## EXERCISE REQUIREMENTS
Starting at the line that contains "Photo minimalist garden with sun rays" and ending at the line that contains "613 Bus Line Map", the lines below are to be given again exactly, with nothing added.

Brief descriptive captions
* * * *

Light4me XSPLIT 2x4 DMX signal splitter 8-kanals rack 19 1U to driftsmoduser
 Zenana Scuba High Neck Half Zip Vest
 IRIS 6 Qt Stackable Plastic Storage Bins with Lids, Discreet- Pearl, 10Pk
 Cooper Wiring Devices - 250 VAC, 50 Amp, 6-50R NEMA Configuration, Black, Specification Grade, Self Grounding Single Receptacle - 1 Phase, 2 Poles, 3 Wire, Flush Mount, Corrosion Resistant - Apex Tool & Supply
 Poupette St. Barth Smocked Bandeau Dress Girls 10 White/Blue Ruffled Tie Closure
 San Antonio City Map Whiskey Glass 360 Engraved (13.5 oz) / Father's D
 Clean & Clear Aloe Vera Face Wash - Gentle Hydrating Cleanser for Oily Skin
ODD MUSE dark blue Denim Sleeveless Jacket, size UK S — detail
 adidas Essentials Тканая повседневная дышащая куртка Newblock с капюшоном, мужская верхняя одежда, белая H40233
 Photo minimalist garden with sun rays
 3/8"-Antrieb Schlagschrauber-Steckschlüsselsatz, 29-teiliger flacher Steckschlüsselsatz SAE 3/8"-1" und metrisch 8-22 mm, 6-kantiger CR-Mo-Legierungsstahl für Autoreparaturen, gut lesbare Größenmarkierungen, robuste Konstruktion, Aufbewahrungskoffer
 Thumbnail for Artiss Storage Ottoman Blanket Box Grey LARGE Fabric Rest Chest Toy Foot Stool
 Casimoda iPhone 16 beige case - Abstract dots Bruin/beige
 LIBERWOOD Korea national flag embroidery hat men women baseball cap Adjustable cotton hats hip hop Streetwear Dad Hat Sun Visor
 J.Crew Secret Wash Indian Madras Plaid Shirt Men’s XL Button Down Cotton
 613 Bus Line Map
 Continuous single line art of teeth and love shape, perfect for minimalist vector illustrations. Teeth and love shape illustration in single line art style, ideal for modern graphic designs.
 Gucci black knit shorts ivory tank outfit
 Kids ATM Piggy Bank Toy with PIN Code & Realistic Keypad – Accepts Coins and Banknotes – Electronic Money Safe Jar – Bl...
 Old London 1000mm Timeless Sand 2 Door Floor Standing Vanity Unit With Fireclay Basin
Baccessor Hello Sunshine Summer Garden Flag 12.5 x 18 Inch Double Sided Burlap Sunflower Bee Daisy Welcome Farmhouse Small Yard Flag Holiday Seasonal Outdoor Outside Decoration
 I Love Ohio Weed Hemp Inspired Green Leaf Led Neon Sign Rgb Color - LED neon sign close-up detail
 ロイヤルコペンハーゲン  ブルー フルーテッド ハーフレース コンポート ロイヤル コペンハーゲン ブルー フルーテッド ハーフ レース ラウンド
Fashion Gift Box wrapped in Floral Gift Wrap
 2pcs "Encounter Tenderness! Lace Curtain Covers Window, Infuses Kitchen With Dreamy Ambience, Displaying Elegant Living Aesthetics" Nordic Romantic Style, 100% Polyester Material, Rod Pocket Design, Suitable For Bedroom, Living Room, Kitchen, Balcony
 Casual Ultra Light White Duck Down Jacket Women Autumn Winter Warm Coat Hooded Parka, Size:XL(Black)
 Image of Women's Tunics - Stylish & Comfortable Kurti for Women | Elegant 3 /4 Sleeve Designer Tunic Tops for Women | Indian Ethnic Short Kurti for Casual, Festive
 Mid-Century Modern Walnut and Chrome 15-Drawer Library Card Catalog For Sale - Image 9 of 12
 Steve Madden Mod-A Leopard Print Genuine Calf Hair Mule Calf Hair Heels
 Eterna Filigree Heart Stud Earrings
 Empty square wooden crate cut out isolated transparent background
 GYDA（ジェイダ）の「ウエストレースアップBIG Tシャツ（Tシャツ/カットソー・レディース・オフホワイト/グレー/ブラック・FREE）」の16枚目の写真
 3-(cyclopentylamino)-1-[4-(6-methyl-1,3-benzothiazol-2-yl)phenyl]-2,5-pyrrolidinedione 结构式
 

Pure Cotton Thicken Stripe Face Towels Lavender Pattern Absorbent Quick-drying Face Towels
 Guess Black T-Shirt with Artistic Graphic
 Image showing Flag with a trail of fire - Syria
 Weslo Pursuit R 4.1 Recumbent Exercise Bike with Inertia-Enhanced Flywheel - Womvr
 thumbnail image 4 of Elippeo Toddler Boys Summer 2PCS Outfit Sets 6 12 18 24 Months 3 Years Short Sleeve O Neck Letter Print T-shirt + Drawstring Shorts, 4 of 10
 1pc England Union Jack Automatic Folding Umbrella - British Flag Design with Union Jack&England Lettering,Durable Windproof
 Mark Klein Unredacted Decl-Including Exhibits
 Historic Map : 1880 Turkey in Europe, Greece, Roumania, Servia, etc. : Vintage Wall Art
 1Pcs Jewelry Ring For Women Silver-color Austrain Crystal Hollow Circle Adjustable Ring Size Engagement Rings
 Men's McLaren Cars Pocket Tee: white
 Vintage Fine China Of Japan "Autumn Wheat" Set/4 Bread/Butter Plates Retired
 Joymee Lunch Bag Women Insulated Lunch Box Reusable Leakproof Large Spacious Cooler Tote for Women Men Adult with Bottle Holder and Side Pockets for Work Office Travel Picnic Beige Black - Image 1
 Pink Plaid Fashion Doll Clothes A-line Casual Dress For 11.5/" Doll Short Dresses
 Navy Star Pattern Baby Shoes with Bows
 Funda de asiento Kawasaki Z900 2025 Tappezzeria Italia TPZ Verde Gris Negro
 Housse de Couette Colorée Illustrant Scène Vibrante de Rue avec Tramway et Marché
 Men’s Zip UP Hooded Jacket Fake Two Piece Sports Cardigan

* * * *

## TASK RESPONSE
 Photo minimalist garden with sun rays
 3/8"-Antrieb Schlagschrauber-Steckschlüsselsatz, 29-teiliger flacher Steckschlüsselsatz SAE 3/8"-1" und metrisch 8-22 mm, 6-kantiger CR-Mo-Legierungsstahl für Autoreparaturen, gut lesbare Größenmarkierungen, robuste Konstruktion, Aufbewahrungskoffer
 Thumbnail for Artiss Storage Ottoman Blanket Box Grey LARGE Fabric Rest Chest Toy Foot Stool
 Casimoda iPhone 16 beige case - Abstract dots Bruin/beige
 LIBERWOOD Korea national flag embroidery hat men women baseball cap Adjustable cotton hats hip hop Streetwear Dad Hat Sun Visor
 J.Crew Secret Wash Indian Madras Plaid Shirt Men’s XL Button Down Cotton
 613 Bus Line Map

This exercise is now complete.